Looking for the ultimate HTTP fetch function
#1
Question 
since almost every script is using http
wouldn't it be possible to create one single fetchhtml function which can be used by all scripts?

it should provide the following:
-timeout for connecting
-timeout for reading data (function should return if the server hasn't send any data for a specified amount of time)
-user agent (like quicktimebrowser)
-some kind of progress callback so ui-updates/progress can be done

the timeouts are needed so the script won't hang if the server doesn't send anything or stops sending

user-agent is needed by qtbrowser and should be used by more scripts. i don't know how long the sites will tolerate us script users to view their content but not their ads Wink

since i don't consider myself experienced enough for this is anyone up for this challenge?
any additions?

maybe some script already has it implemented?

bernd
Reply
#2
i dont really consider http get complicated enough to warrant this.
python's http get is already pretty good and a threaded function that does this only takes only 6 or 7 lines of code...

i think most are happy copying those lines from all the other scripts that do the same thing as i dont think moving it to a seperate module saves people much (although it adds complexity).

though modifying scripts' user agents is a good idea and should be done for those that still identify themselves as libpython
Reply
#3
(bernd @ april 20 2005,17:13 Wrote:it should provide the following:
-timeout for connecting
-timeout for reading data (function should return if the server hasn't send any data for a specified amount of time)
-user agent (like quicktimebrowser)
-some kind of progress callback so ui-updates/progress can be done

the timeouts are needed so the script won't hang if the server doesn't send anything or stops sending

user-agent is needed by qtbrowser and should be used by more scripts. i don't know how long the sites will tolerate us script users to view their content but not their ads
i think bernd makes a good point...
a module could be built and updated as needed if/when improvements are made by the scripting community contributors.

thus, the improvements in the module would apply to all scripts using the module and improve all the scripts at once. no need to wait for the script writers to individually improve the specific script itself.
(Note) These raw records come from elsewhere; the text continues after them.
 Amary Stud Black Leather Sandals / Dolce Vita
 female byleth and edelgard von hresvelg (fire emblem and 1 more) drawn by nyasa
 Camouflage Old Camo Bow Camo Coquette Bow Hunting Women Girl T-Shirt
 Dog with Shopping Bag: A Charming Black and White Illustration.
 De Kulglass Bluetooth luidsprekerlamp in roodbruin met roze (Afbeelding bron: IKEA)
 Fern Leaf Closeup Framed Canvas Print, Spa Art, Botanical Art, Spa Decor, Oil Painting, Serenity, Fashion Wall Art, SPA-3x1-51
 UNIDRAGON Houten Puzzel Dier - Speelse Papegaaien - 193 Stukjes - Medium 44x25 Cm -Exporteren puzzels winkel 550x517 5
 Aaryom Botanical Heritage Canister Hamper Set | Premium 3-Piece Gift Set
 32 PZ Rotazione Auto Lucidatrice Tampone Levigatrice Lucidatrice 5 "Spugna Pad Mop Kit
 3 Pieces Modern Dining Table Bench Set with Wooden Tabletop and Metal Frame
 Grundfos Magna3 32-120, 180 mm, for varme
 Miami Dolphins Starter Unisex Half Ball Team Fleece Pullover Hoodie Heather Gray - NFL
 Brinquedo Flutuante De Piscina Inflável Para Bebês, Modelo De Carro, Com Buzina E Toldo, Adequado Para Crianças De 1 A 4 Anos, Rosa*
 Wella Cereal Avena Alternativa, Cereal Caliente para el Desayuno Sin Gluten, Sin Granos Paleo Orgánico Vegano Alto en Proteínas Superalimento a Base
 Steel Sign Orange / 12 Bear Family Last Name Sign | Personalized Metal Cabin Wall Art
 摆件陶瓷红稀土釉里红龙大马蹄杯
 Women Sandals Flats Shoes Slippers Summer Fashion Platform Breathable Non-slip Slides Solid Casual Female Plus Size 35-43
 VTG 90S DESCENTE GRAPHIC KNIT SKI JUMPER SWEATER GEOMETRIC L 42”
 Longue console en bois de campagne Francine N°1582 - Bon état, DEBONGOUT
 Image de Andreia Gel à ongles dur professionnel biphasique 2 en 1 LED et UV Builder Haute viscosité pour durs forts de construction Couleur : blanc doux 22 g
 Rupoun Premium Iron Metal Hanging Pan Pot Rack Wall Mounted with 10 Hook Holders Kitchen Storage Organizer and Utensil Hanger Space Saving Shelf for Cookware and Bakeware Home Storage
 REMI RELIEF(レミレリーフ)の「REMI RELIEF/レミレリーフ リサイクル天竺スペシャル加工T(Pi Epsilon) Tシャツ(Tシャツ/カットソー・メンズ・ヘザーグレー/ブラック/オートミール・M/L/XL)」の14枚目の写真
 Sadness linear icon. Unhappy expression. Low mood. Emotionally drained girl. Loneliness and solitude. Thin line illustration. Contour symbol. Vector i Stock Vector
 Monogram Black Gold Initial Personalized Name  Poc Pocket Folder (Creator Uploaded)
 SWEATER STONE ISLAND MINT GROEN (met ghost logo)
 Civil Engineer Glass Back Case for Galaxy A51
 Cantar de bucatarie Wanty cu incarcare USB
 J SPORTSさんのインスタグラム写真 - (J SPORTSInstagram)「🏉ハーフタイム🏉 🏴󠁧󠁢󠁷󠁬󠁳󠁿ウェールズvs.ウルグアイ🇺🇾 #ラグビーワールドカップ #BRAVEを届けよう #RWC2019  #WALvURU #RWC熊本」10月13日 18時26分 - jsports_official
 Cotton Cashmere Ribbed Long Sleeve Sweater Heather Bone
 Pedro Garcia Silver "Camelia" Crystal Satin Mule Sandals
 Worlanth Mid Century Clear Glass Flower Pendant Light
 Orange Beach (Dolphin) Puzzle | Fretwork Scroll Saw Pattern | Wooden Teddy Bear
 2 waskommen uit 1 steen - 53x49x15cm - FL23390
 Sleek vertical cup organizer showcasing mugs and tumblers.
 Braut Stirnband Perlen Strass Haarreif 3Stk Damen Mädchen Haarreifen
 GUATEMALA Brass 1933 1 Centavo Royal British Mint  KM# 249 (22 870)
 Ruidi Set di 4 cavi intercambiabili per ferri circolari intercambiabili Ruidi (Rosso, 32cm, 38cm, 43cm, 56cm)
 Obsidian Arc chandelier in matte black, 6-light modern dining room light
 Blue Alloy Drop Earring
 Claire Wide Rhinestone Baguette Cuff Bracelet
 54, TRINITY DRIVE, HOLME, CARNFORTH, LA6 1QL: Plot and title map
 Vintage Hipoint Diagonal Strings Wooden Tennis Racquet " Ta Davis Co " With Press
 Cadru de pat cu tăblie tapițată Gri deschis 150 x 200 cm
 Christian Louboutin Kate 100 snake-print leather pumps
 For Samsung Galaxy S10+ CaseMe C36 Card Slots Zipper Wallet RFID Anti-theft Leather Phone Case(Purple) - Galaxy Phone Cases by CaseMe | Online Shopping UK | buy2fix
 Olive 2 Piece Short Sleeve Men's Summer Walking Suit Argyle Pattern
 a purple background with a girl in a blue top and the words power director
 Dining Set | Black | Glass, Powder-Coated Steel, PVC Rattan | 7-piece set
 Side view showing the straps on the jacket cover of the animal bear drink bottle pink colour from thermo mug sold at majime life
i see many scripts hanging and having issues that this could address.
I'm not an expert but I play one at work.
Reply
#4
can anybody please tell how you do the second kind of timeout (if the connection is open but no data has been sent for a while)...

my code looks like this:

Quote:try:
oldtimeout=socket.getdefaulttimeout()
socket.setdefaulttimeout(timeout)

request = urllib2.request(url)
request.add_header('user-agent',useragent)
opener = urllib2.build_opener() #should i only create this once? (global)
furl=opener.open(request)
fcache=file(localfile,'wb')
progress.create("downloading",url,"to: "+localfile)
data='...'
blocksize=8192
info=furl.info()
try:
totalsize=int(info['content-length'])
except:
totalsize=none
pval=0
while len(data)>0:
if totalsize is none:
progress.update(random.randint(0,100)) # just show that something is happening
else:
progress.update(int((pval % (totalsize+1))*100.0/totalsize))
data = furl.read(blocksize)
pval=pval+len(data)
if len(data)>0: fcache.write(data)
if len(data)<blocksize: break
if progress.iscanceled(): break
urlcontext[0]=furl.url
finally:
try:
if not fcache is none: fcache.close()
if not furl is none: furl.close()
socket.setdefaulttimeout(oldtimeout)
if progress.iscanceled(): os.remove(localfile)
except:
pass
progress.close()
Reply
#5
Lightbulb 
i'm currently implementing cache functionality in ooba... i could move that functionality to a seperate module (if anybody is interrested)...

it works like this: for each url that is retrieved an "u954ea4ad24ff07b0acc2fd4440c3b5bc" file is created (that is "u<md5ofurl>"). in this file there is the following informating: url, finalurlafterredirects, cachetime and localfile. cachetime=-1 means permanently in cache (or until it is manually cleared). note the amount on time that a file is stored in cache is determined by the caller (ie not by any headers).

the functions you can use are these:

* data=cachedurlopen(url,ext='')
opens the url from either the cache or the net. ext is simply passed on to cachedurlretrieve.

* localfile=cachefilename(url)

returns the localfile associated with url or an empty string if the url isn't in the cache

* localfile=cachedurlretrieve(url,ext='',cachetime=defaultcachetime,localfile=none)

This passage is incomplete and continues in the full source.